Understanding the mode of activity of available EOs is of importance as it helps qualify the chemical characteristics of novel compounds that may be appropriate for insect pest control and dosage that can be safe and economical in agriculture (Haynes 1988). Given the encouraging results observed with EOs against insect pests, there has been rapid development to evaluate the appropriateness of the formulations of their active ingredient for application in integrated pest control programs.

Being distinctively lipophilic and volatile, EOs can permeate the insects’ cuticle and disrupt their physiological processes (Lee et al. 2002) cause biochemical dysfunction and mortality. Furthermore, this fast action is a demonstration of the neurotoxicity nature of some EOs against some pests (Kostyukovsky et al. 2002).

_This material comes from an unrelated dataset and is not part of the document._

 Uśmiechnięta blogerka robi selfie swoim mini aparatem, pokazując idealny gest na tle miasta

The mechanism of action, lethal doses, time taken to achieve lethal effects and site for bioactivities from plant EOs has been widely studied.

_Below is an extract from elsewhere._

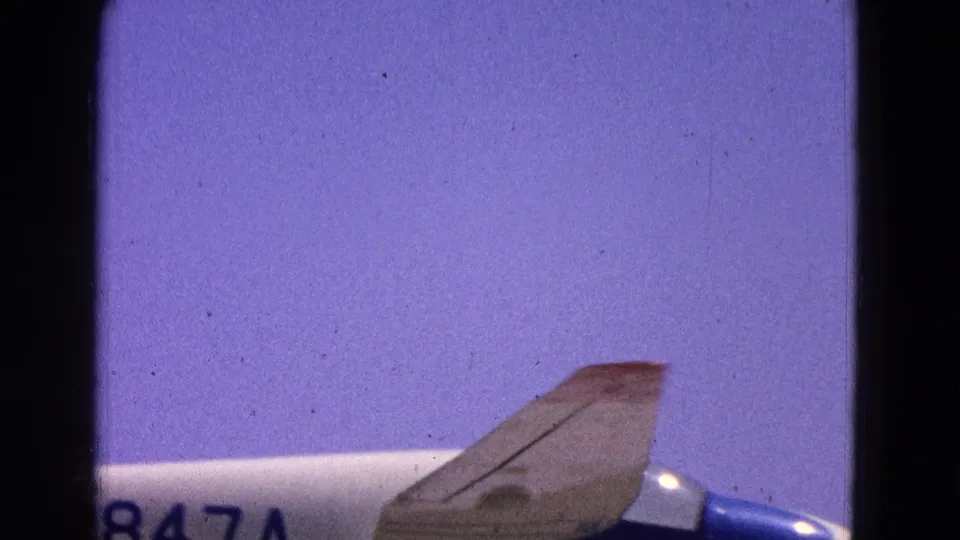 1964 Washington, DC home-movie frame showing part of a blue and white airplane and registration markings against a pale sky.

Plant EOs act at multiple levels of insects as fumigants, insect growth regulators, toxicants, repellents, phagodeterrents and synergists (Table 6.1). Neurotoxicity as a result of exposure to EOs in insects is characterized by hyperactivity, hyperexcitation and finally knockdown and immobilization (Enan 2001).

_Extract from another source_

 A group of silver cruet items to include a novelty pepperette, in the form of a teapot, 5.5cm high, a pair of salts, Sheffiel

6.4.1 Fumigant Properties of Essential Oils

Current research has established that active ingredients from EOs may be possible alternatives to prevailing fumigants since they are easily changed to vapour at room temperature, including having various activities against a diversity of insects and fast penetrating. Various studies have investigated the probability of the use of components of plant EOs as insect fumigants. EOs of Artemisia spp., Citrus spp., Eucalyptus spp. Lavalandula spp., Mentha spp., have been well documented as fumigants. Table 6.1 shows fumigant activities of various plants.

The action of EOs as fumigants against stored product beetles Sitophilus spp. and T. castaneum has been a subject of immense interest (Fang et al. 2010; Ebadollahi et al. 2012; Franca et al. 2012; Germinara et al. 2017; Salem et al. 2017; Idouaarame et al. 2018; Devi et al. 2020). Findings of the various studies demonstrate that the mechanism of action for the oils is predominantly in the gaseous phase and through the respiratory system. Since most insects respire through the trachea, the vapour causes the spiracles to open. Suffocation occurs due of obstruction the tracheal respiration (Schoonhoven 1978) resulting in death of the insect (Pugazhvendan et al. 2012; Wafaa et al. 2017).

Studies by Huang et al. (2000a) reported that diallyl trisulfide and methyl allyl disulfide from garlic possessed fumigant and toxicity properties against the two beetles Sitophilus zeamais and Tribolium castaneum Likewise, Sahaf et al. (2007, 2008) demonstrated that the EOs of Carum copticum possessed fumigant properties against S. zeamais and T. castaneum The fumigant toxicity was accredited to the presence of monoterpenoids especially thymol. Monoterpenoids are basically volatile and induce toxic effects such as fumigants as a result of their ability to penetrate the insect cuticles.

Plant EOs obtained from Cymbopogon (Stefanazzi et al. 2011), Myrtus communis (Bertoli et al. 2012) anise, eucalyptus, cumin, rosemary and oregano were also demonstrated to have fumigant effects resulting in total mortality of the eggs of Tribolium confusum and Ephestia kuehniella (Tunç et al. 2000). Ocimum spp. extracts, and their active ingredients were found to possess insecticidal effects against a diversity of insects (Ebadollahi et al. 2020).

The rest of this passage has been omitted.